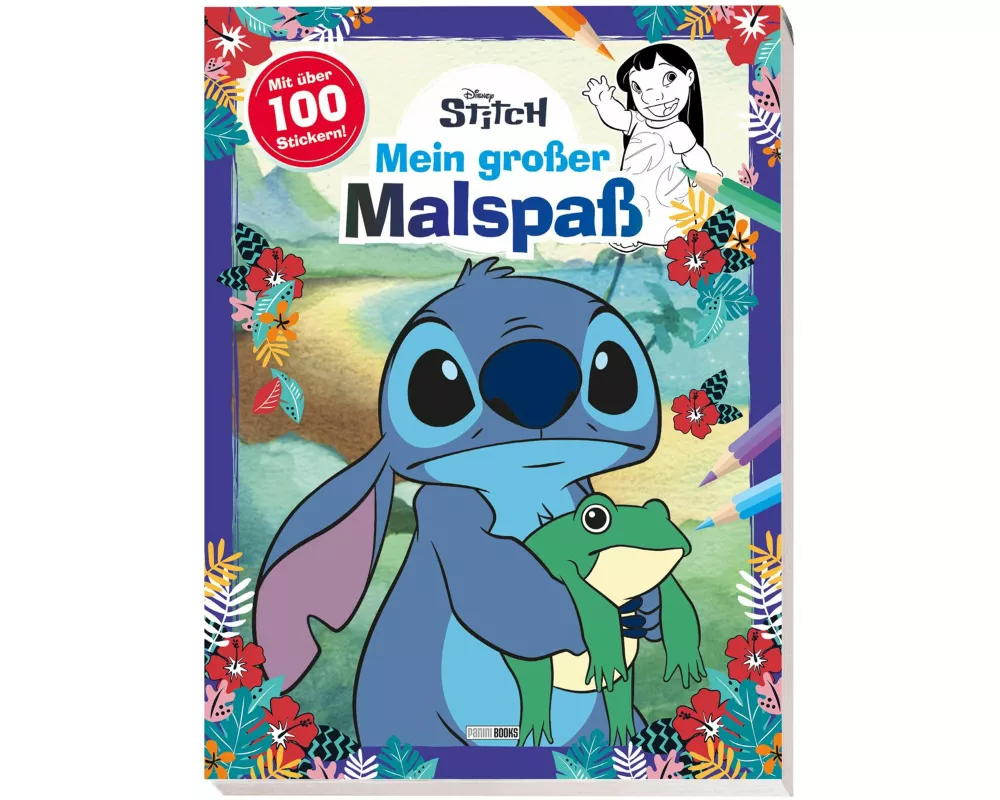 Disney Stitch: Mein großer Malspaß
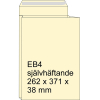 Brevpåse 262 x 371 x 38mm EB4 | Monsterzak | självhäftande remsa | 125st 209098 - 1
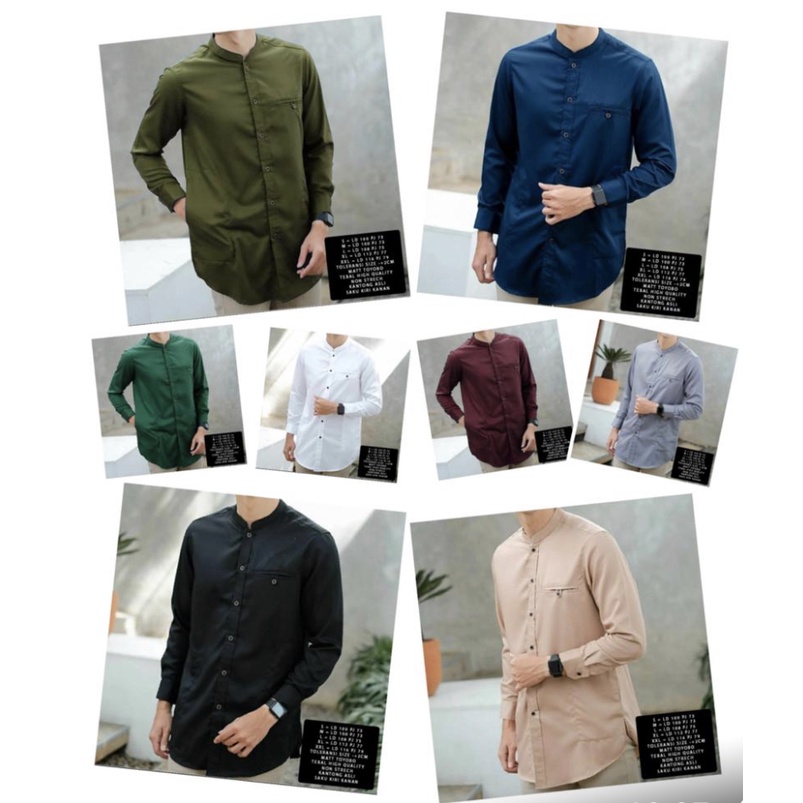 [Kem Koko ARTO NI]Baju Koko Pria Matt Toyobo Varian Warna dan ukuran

* * * * * * *

Activity: Repeat the lines above precisely and skip every picture.

Answer:
 Disney Stitch: Mein großer Malspaß
 Brevpåse 262 x 371 x 38mm EB4 | Monsterzak | självhäftande remsa | 125st 209098 - 1
 [Kem Koko ARTO NI]Baju Koko Pria Matt Toyobo Varian Warna dan ukuran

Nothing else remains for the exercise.